Sarbani

Regions with significant populations
- Afghanistan, Pakistan

Languages
- Pashto, Urdu, Dari

Religion
- Islam

Related ethnic groups
- other Pashtun tribes, other Iranian peoples

= Miani (Pashtun tribe) =

Pashtun nomadic tribe(kochi)

Miani (Mianrhi) is a pashtun tribe,
who are the descendants of Saraban, the son of Qais Abdur Raseed. Now they mainly inhabit the Gomal plains of Pakistan in the Tank District of Khyber Pakhtunkhwa, which was formerly North-West Frontier Province. Major portion of the tribe also reside in Dera Ismael Khan ( kokar, Mandhran, Pusha Pull, Baloch Wanda etc ) Panjab ( Riaz Abad, Muzaffar gharh, Jhang etc) and Balochistan ( Harnai).

==History==

===Gomal plains===

The Mianis lived in the Gomal Plains of the Tank District of Khyber Pakhtunkhwa, Pakistan

Though initially a nomadic tribe, Mianis settled in the Gomal plains by or before 1850. The estimated population of the Miani tribe was about 800 in the 1870s. They were a semi-independent group that lived along the Tank border, except for the hot season, when they moved into the hills.

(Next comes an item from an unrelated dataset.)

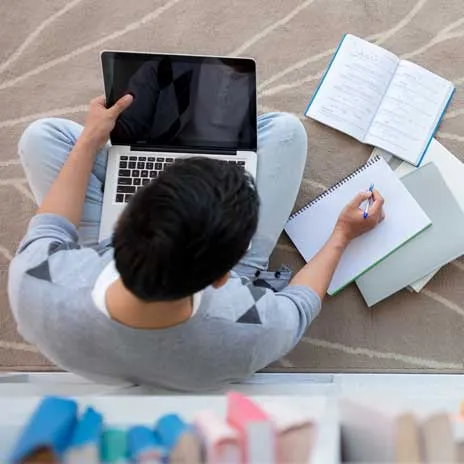 Student sitting on floor using laptop and writing in notebook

An important technique that the British used to manage the frontier was to make certain tribes responsible for monitoring who had passes to travel on particular routes into the hills. They called this “pass responsibility”. The Bhitannis first accepted pass responsibility on the Tank frontier. Then, pass responsibility for the Girni, Murtuza and Manjhi posts was assigned to the Miani and Ghurezai tribes in 1876. That year, they also accepted responsibility for monitoring passage into the Gomal Valley.

In 1879, when Tank was raided by Tribals and an uprising took place, wherein the tribes believed that the British control over the area is weakening, these tribals looted a number of villages around Tank. The same fact has been narrated by Evelyn Berkelen Howell, that in January 1879. To protect Tank from further plundering Miani tribe took responsibility to keep it safe from further insecurity and plundering."

===Miani in Baluchistan===

Though a portion of Miani Tribe live in Baluchistan especially in the Shirani District, sizable population of the Miani people live in Sharigh Tehsil of Harnai District in Balochistan.